→ **Exercise requirements**: Please repeat the lines below exactly. Begin with the line containing "Nike Elite Breath" and go on through the line containing "Banknote, Germany, Neusalz, 50".

Dataset records START

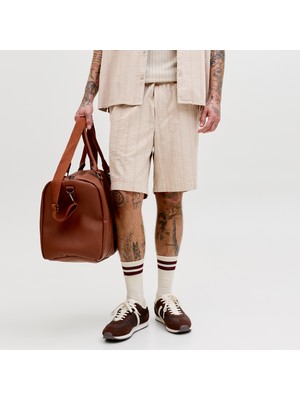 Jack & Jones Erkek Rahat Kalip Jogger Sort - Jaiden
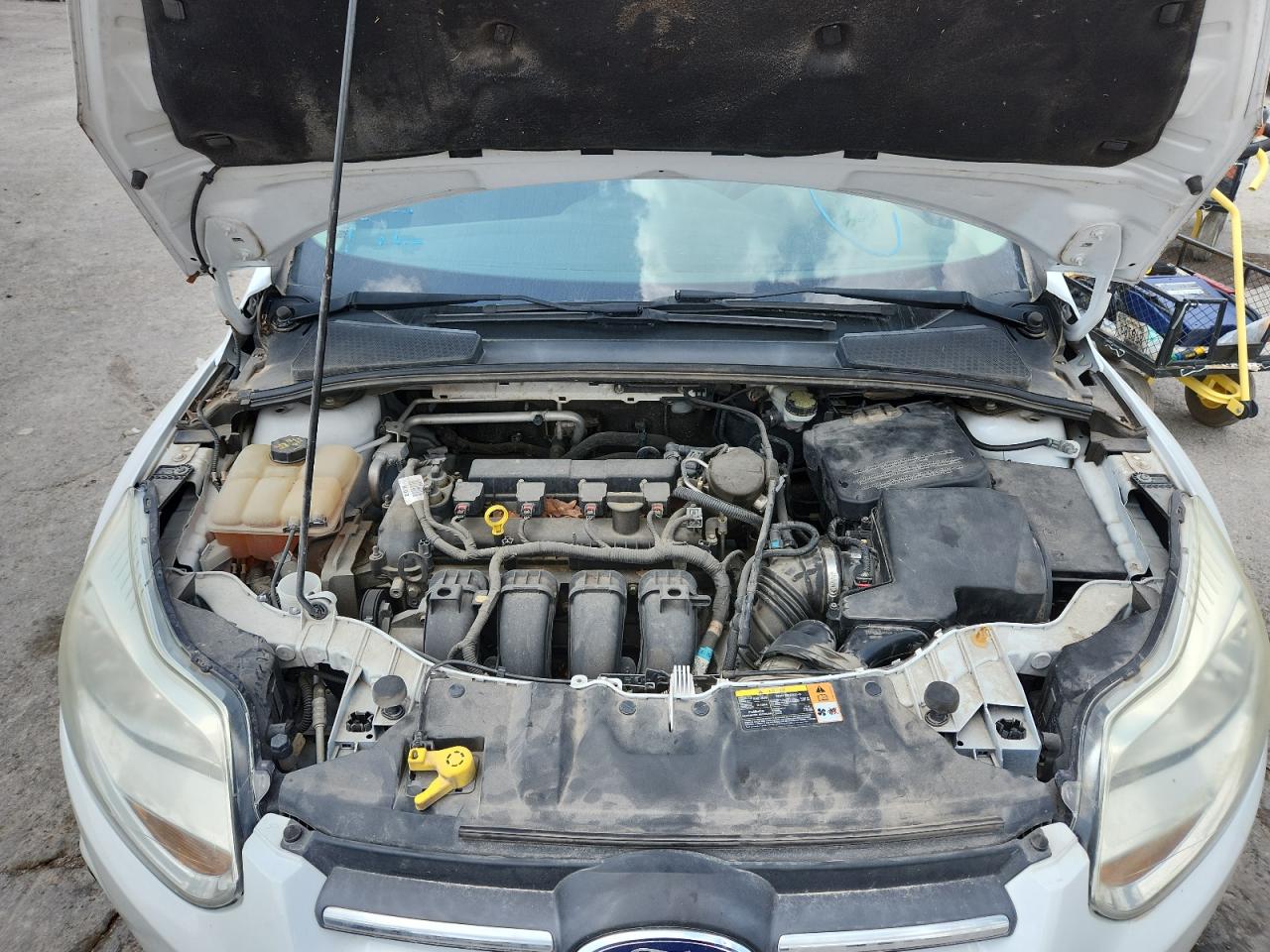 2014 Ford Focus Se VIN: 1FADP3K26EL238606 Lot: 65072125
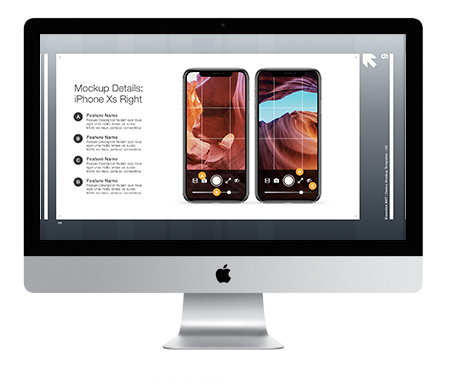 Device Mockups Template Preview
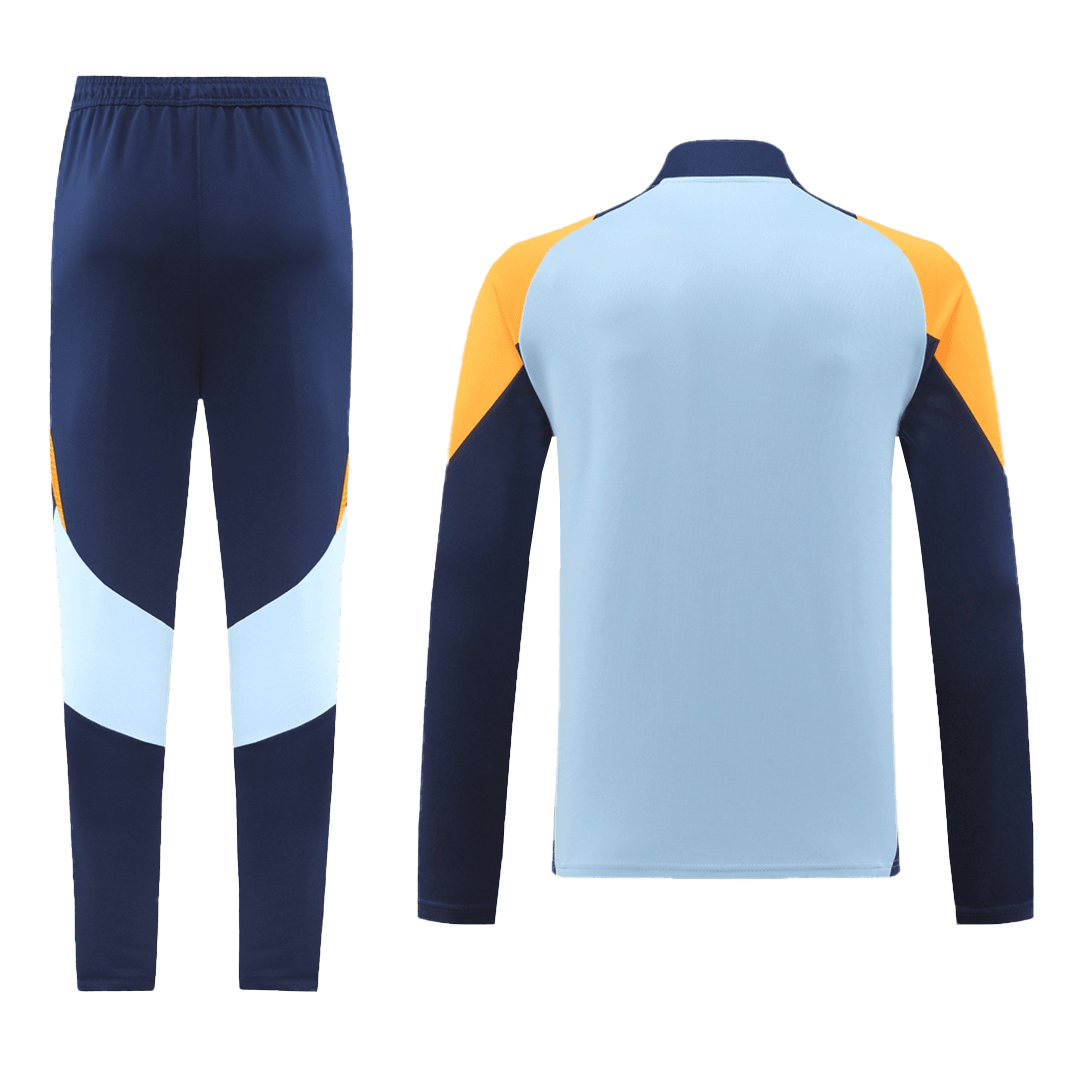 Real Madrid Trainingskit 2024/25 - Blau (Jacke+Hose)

Dataset records END
Dataset records START

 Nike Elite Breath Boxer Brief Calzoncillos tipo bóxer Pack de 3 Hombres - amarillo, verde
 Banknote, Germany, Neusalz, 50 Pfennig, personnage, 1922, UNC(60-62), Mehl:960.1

Dataset records END

→ **Solution for this task**:
 Nike Elite Breath Boxer Brief Calzoncillos tipo bóxer Pack de 3 Hombres - amarillo, verde
 Banknote, Germany, Neusalz, 50 Pfennig, personnage, 1922, UNC(60-62), Mehl:960.1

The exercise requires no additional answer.